━━━ Provided data
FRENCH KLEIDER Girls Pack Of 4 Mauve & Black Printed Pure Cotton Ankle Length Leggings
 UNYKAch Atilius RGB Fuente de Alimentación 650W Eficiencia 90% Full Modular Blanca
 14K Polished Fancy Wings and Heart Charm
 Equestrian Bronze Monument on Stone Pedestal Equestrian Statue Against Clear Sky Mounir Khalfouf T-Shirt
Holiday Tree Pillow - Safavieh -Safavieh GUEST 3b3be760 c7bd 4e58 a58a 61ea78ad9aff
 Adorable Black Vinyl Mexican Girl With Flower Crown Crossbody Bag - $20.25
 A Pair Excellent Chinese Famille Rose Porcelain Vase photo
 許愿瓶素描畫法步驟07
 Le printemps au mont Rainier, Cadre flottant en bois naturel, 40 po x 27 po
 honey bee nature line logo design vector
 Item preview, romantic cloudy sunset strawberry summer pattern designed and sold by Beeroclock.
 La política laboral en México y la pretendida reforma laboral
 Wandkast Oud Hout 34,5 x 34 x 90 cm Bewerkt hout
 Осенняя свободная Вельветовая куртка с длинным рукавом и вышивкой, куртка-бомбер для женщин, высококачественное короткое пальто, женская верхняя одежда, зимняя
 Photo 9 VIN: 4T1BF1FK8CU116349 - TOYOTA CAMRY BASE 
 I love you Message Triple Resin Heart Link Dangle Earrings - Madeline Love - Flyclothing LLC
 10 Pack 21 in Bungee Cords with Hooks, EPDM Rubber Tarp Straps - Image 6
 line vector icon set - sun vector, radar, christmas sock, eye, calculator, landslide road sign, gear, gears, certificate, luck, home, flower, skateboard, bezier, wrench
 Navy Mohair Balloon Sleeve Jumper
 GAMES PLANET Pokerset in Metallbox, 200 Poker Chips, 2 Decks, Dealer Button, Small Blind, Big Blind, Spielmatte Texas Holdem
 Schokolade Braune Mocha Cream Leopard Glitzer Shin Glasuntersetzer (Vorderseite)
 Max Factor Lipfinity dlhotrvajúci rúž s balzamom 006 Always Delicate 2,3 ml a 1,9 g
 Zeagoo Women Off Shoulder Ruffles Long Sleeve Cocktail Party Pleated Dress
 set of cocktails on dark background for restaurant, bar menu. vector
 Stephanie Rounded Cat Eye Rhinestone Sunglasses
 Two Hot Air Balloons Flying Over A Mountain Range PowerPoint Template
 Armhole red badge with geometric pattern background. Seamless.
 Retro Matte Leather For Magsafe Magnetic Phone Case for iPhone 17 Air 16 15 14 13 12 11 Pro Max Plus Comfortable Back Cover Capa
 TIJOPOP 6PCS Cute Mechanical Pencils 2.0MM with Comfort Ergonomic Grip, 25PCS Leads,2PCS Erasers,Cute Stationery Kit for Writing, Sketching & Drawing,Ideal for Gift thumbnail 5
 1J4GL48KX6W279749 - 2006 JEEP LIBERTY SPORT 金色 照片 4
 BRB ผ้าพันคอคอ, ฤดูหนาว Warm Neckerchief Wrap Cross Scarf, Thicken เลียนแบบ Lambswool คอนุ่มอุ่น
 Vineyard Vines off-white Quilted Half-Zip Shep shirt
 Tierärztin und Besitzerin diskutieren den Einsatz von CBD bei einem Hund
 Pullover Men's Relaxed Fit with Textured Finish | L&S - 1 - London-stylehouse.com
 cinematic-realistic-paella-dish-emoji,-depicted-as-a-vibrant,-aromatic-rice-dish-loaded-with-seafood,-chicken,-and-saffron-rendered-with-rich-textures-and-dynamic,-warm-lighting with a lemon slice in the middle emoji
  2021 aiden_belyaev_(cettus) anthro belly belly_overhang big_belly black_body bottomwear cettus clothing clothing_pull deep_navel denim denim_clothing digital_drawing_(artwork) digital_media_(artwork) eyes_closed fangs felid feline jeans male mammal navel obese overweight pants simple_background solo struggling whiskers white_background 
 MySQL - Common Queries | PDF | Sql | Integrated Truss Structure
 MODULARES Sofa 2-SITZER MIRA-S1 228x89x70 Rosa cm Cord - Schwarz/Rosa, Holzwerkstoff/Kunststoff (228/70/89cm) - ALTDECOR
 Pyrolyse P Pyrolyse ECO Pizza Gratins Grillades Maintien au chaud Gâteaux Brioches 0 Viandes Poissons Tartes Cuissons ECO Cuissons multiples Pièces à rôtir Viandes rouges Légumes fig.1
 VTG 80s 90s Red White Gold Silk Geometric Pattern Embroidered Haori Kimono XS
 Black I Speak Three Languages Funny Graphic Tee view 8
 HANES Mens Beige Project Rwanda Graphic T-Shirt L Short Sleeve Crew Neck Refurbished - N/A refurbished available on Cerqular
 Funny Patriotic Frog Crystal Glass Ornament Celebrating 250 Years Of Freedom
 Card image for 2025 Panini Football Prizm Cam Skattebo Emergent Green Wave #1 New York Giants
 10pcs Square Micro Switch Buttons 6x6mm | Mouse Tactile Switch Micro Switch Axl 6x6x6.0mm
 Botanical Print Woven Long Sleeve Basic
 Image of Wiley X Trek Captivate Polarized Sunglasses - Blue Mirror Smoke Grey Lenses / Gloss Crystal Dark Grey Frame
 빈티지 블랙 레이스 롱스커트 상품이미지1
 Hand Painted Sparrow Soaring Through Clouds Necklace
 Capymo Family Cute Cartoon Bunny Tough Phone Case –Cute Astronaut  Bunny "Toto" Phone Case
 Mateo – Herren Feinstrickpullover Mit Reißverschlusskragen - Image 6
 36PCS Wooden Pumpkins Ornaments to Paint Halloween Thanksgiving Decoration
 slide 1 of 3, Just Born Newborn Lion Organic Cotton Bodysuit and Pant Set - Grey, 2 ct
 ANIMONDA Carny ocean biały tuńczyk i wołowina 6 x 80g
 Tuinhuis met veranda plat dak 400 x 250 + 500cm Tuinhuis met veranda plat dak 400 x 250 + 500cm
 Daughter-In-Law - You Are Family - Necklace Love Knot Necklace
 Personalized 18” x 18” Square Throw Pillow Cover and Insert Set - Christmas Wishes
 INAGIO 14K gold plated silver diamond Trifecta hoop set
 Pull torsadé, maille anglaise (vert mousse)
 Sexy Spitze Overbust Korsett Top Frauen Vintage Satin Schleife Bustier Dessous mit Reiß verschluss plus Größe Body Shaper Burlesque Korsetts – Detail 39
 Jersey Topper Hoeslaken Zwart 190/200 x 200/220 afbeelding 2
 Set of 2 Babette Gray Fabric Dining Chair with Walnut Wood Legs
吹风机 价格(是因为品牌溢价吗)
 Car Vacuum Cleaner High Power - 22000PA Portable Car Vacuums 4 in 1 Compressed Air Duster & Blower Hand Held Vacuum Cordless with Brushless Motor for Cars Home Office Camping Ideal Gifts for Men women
━━━━━━
Give back each record above exactly as written.

FRENCH KLEIDER Girls Pack Of 4 Mauve & Black Printed Pure Cotton Ankle Length Leggings
 UNYKAch Atilius RGB Fuente de Alimentación 650W Eficiencia 90% Full Modular Blanca
 14K Polished Fancy Wings and Heart Charm
 Equestrian Bronze Monument on Stone Pedestal Equestrian Statue Against Clear Sky Mounir Khalfouf T-Shirt
Holiday Tree Pillow - Safavieh -Safavieh GUEST 3b3be760 c7bd 4e58 a58a 61ea78ad9aff
 Adorable Black Vinyl Mexican Girl With Flower Crown Crossbody Bag - $20.25
 A Pair Excellent Chinese Famille Rose Porcelain Vase photo
 許愿瓶素描畫法步驟07
 Le printemps au mont Rainier, Cadre flottant en bois naturel, 40 po x 27 po
 honey bee nature line logo design vector
 Item preview, romantic cloudy sunset strawberry summer pattern designed and sold by Beeroclock.
 La política laboral en México y la pretendida reforma laboral
 Wandkast Oud Hout 34,5 x 34 x 90 cm Bewerkt hout
 Осенняя свободная Вельветовая куртка с длинным рукавом и вышивкой, куртка-бомбер для женщин, высококачественное короткое пальто, женская верхняя одежда, зимняя
 Photo 9 VIN: 4T1BF1FK8CU116349 - TOYOTA CAMRY BASE 
 I love you Message Triple Resin Heart Link Dangle Earrings - Madeline Love - Flyclothing LLC
 10 Pack 21 in Bungee Cords with Hooks, EPDM Rubber Tarp Straps - Image 6
 line vector icon set - sun vector, radar, christmas sock, eye, calculator, landslide road sign, gear, gears, certificate, luck, home, flower, skateboard, bezier, wrench
 Navy Mohair Balloon Sleeve Jumper
 GAMES PLANET Pokerset in Metallbox, 200 Poker Chips, 2 Decks, Dealer Button, Small Blind, Big Blind, Spielmatte Texas Holdem
 Schokolade Braune Mocha Cream Leopard Glitzer Shin Glasuntersetzer (Vorderseite)
 Max Factor Lipfinity dlhotrvajúci rúž s balzamom 006 Always Delicate 2,3 ml a 1,9 g
 Zeagoo Women Off Shoulder Ruffles Long Sleeve Cocktail Party Pleated Dress
 set of cocktails on dark background for restaurant, bar menu. vector
 Stephanie Rounded Cat Eye Rhinestone Sunglasses
 Two Hot Air Balloons Flying Over A Mountain Range PowerPoint Template
 Armhole red badge with geometric pattern background. Seamless.
 Retro Matte Leather For Magsafe Magnetic Phone Case for iPhone 17 Air 16 15 14 13 12 11 Pro Max Plus Comfortable Back Cover Capa
 TIJOPOP 6PCS Cute Mechanical Pencils 2.0MM with Comfort Ergonomic Grip, 25PCS Leads,2PCS Erasers,Cute Stationery Kit for Writing, Sketching & Drawing,Ideal for Gift thumbnail 5
 1J4GL48KX6W279749 - 2006 JEEP LIBERTY SPORT 金色 照片 4
 BRB ผ้าพันคอคอ, ฤดูหนาว Warm Neckerchief Wrap Cross Scarf, Thicken เลียนแบบ Lambswool คอนุ่มอุ่น
 Vineyard Vines off-white Quilted Half-Zip Shep shirt
 Tierärztin und Besitzerin diskutieren den Einsatz von CBD bei einem Hund
 Pullover Men's Relaxed Fit with Textured Finish | L&S - 1 - London-stylehouse.com
 cinematic-realistic-paella-dish-emoji,-depicted-as-a-vibrant,-aromatic-rice-dish-loaded-with-seafood,-chicken,-and-saffron-rendered-with-rich-textures-and-dynamic,-warm-lighting with a lemon slice in the middle emoji
  2021 aiden_belyaev_(cettus) anthro belly belly_overhang big_belly black_body bottomwear cettus clothing clothing_pull deep_navel denim denim_clothing digital_drawing_(artwork) digital_media_(artwork) eyes_closed fangs felid feline jeans male mammal navel obese overweight pants simple_background solo struggling whiskers white_background 
 MySQL - Common Queries | PDF | Sql | Integrated Truss Structure
 MODULARES Sofa 2-SITZER MIRA-S1 228x89x70 Rosa cm Cord - Schwarz/Rosa, Holzwerkstoff/Kunststoff (228/70/89cm) - ALTDECOR
 Pyrolyse P Pyrolyse ECO Pizza Gratins Grillades Maintien au chaud Gâteaux Brioches 0 Viandes Poissons Tartes Cuissons ECO Cuissons multiples Pièces à rôtir Viandes rouges Légumes fig.1
 VTG 80s 90s Red White Gold Silk Geometric Pattern Embroidered Haori Kimono XS
 Black I Speak Three Languages Funny Graphic Tee view 8
 HANES Mens Beige Project Rwanda Graphic T-Shirt L Short Sleeve Crew Neck Refurbished - N/A refurbished available on Cerqular
 Funny Patriotic Frog Crystal Glass Ornament Celebrating 250 Years Of Freedom
 Card image for 2025 Panini Football Prizm Cam Skattebo Emergent Green Wave #1 New York Giants
 10pcs Square Micro Switch Buttons 6x6mm | Mouse Tactile Switch Micro Switch Axl 6x6x6.0mm
 Botanical Print Woven Long Sleeve Basic
 Image of Wiley X Trek Captivate Polarized Sunglasses - Blue Mirror Smoke Grey Lenses / Gloss Crystal Dark Grey Frame
 빈티지 블랙 레이스 롱스커트 상품이미지1
 Hand Painted Sparrow Soaring Through Clouds Necklace
 Capymo Family Cute Cartoon Bunny Tough Phone Case –Cute Astronaut  Bunny "Toto" Phone Case
 Mateo – Herren Feinstrickpullover Mit Reißverschlusskragen - Image 6
 36PCS Wooden Pumpkins Ornaments to Paint Halloween Thanksgiving Decoration
 slide 1 of 3, Just Born Newborn Lion Organic Cotton Bodysuit and Pant Set - Grey, 2 ct
 ANIMONDA Carny ocean biały tuńczyk i wołowina 6 x 80g
 Tuinhuis met veranda plat dak 400 x 250 + 500cm Tuinhuis met veranda plat dak 400 x 250 + 500cm
 Daughter-In-Law - You Are Family - Necklace Love Knot Necklace
 Personalized 18” x 18” Square Throw Pillow Cover and Insert Set - Christmas Wishes
 INAGIO 14K gold plated silver diamond Trifecta hoop set
 Pull torsadé, maille anglaise (vert mousse)
 Sexy Spitze Overbust Korsett Top Frauen Vintage Satin Schleife Bustier Dessous mit Reiß verschluss plus Größe Body Shaper Burlesque Korsetts – Detail 39
 Jersey Topper Hoeslaken Zwart 190/200 x 200/220 afbeelding 2
 Set of 2 Babette Gray Fabric Dining Chair with Walnut Wood Legs
吹风机 价格(是因为品牌溢价吗)
 Car Vacuum Cleaner High Power - 22000PA Portable Car Vacuums 4 in 1 Compressed Air Duster & Blower Hand Held Vacuum Cordless with Brushless Motor for Cars Home Office Camping Ideal Gifts for Men women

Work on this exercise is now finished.